25 -- Laini's Leading Lady
NOTE: This blog is a continuing dialog between the two faces of rilla. The identity crisis is explained (if such a thing is possible) in the first edition. Click here to read: 1 -- Introduction
Rilla: Today I am interviewing, children’s author, rilla, about a book for young adults she recently read – Faeries of Dreamdark- Blackbringer by writer and artist, Oregon dweller, Laini Taylor.
rilla: Wow, you sound good. Very professional – I think…
Rilla: Ahem. Thank you. So, rilla, what attracted you to Laini Taylor’s book other than the color of her hair?
rilla: Well, I first read about Laini’s book in a rave review on the blog of Fuse#8.
Rilla: I mean – magenta? Really…what exactly would possess…?
rilla: I love magenta.
Rilla: Magenta? For hair…? You’re not thinking what I think you’re…?
rilla: Are you going to ask me a real question …?
Rilla: Sorry?
rilla: A real question about Laini’s book?
Rilla: Umm…OK…ummm…
TAP TAP
Rilla: Will you STOP tapping on my head.
rilla: Can we get the REAL interviewer in here please. This apprentice is wasting my time…?
Rilla: I AM the real interviewer.
rilla: NOT IF YOU DON’T HAVE A QUESTION TO ASK.
Rilla: Wait, wait, I have one…Why would anyone in their right mind read fantasy?
rilla: Sheesh. I’ll just take it from here …
Blackbringer is a tale of an unraveling world – a world that was woven as a dream tapestry by the Djinn masters, where mistakes in the form of devils were locked up in bottles by the faery champion of old, Bellatrix.
So, a thousand years later, why are the bottles coming uncorked and the tapestry failing? Magpie Windwitch, alone of faeries, knows of the devastation caused to the world by a new, undreamed of species, humans. Immune to the ancient spells they are busily opening bottles in the hope of finding a magical being to grant them their wishes.
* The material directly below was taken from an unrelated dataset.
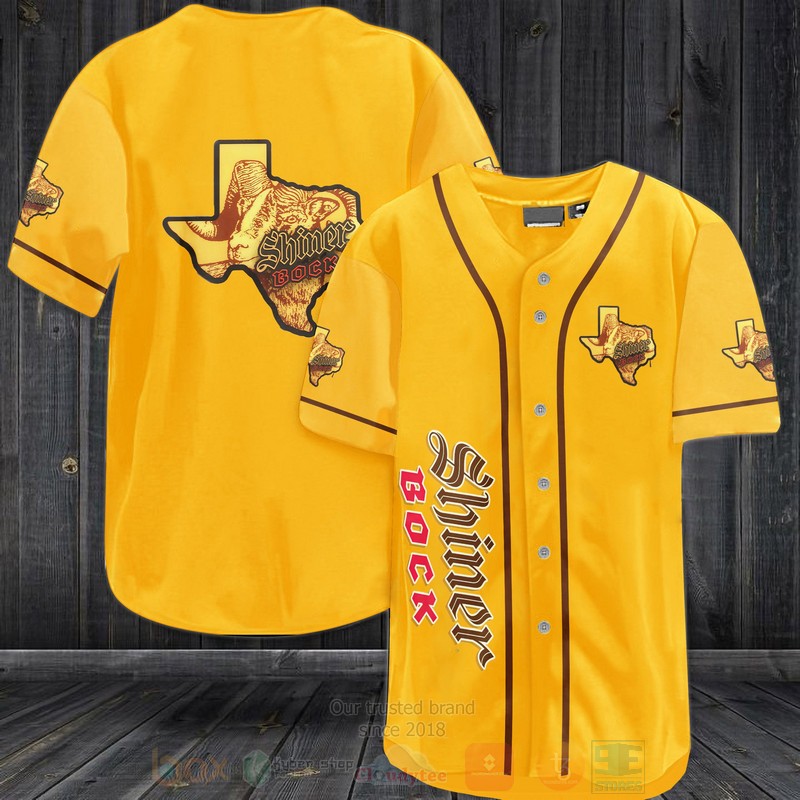 Shiner Bock Baseball Jersey Shirt Shiner Bock Baseball Jersey Shirt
Magpie must follow in their messy footsteps trying to undo the damage. But now they have gone too far.
Someone has opened the one bottle sealed by the Djinn king, Magruwen, himself. The faeries have forgotten the wisdom and lore of their kind in the long peace. They have no idea what the Magruwen thought important enough to leave his mark on. Magpie and her band of cheroot-smoking, gypsy-caravan-toting, play-acting crows must fight an evil that will settle for no less than world annihilation. Before she can defeat it, she must discover what it is, and most importantly, who she is herself. An immense task for a tiny lass – will she manage before it is too late?
Rilla: So does she?
rilla: Does she what?
Rilla: Save the world?
rilla: Read the book.
Rilla: What’s the point of getting you to review it if you won’t tell me how it ends?
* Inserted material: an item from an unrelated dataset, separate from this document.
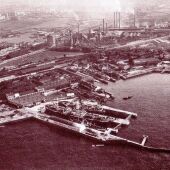 El pasado naval de Gijón busca su futuro con "Naval Azul"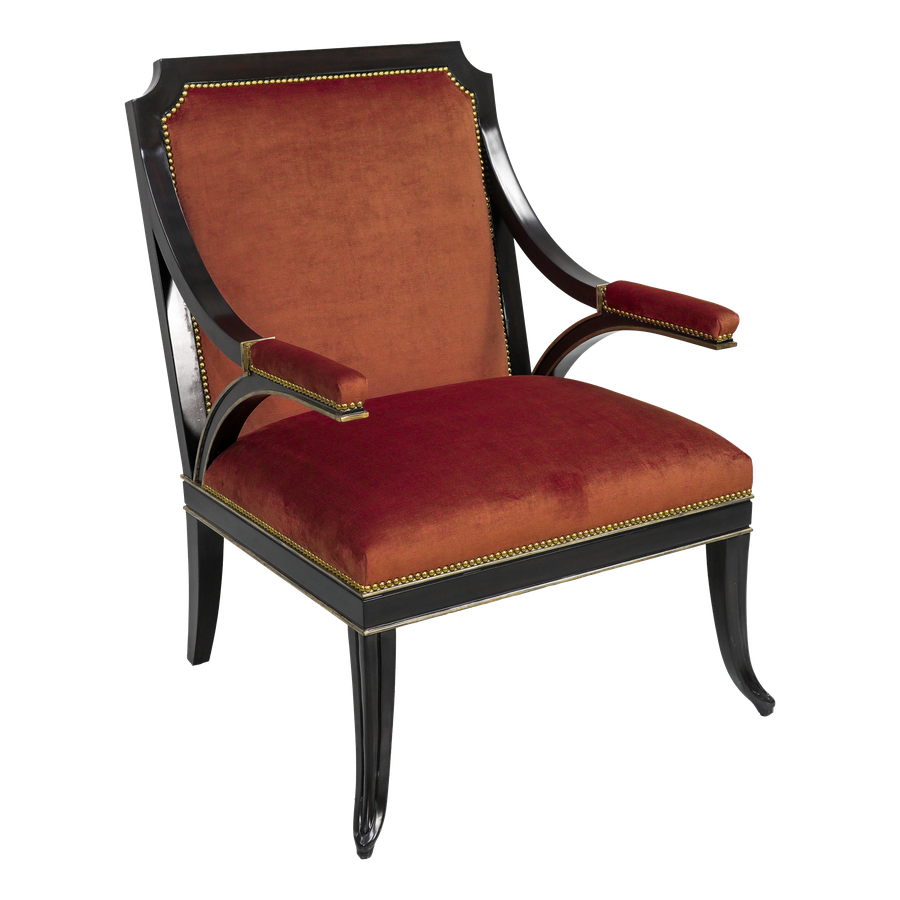 DVD41 David Chair Front View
rilla: The point is to get you to READ THE BOOK. I recommend it. The magnitude of Laini’s vision transported me into a colorful world of tattooed faeries and nose-picking imps, cursing crows and dastardly devils, and one small, tough faery who won’t take no for an answer. It is a powerful and imaginative creation-myth that brings home to us the destructive nature of our species and the unraveling of our own tapestry or ecosystem. Yet, it gives us the hope that the courage of a few determined individuals, no matter how small, can stop the devastation and begin the healing process. As a reader I was captivated – as a writer I was inspired to follow my own muse the way Laini has done to such effect. Dreams, she insists, are everything.
Rilla: Faeries and dreams, huh? Sounds a bit frou-frou to me.
rilla: It isn’t. The villains are frighteningly real, the tension mounts throughout, the story is every bit as thrilling as you would want. And it proves that strong female protagonists can come in all sizes even ones no larger than will fit comfortably on the back of a crow.
In short, Laini’s book reminded me once again why I LOVE fantasy…
Some of my favorite lines:
“It was an evil bramble, taller than tiptoes and dense as a mermaid’s braid…”
“Batch moved on, a pendulum of drool swinging from his lower lip.”
“It was a formless thing, unfixed, the edges of it bleeding into the night like watercolors on wet paper.”
“In the southern reaches of the great wood, Magpie and the crows sat around a fire with a clan of hedge imps, trading wind songs for scamper ballads and sipping spiced wine.”
Recommended Musical Accompaniment: Afro-Celts: Volume II and Solas
Recommended drink: Spiced Wine…preferably red and from Oregon
Recommended food: Fondue…cheese to be melted on a stick held over a campfire or over the more upmarket version of the campfire…the backyard grill…whichever way…it must be under the stars and moon followed by copious amounts of chocolate.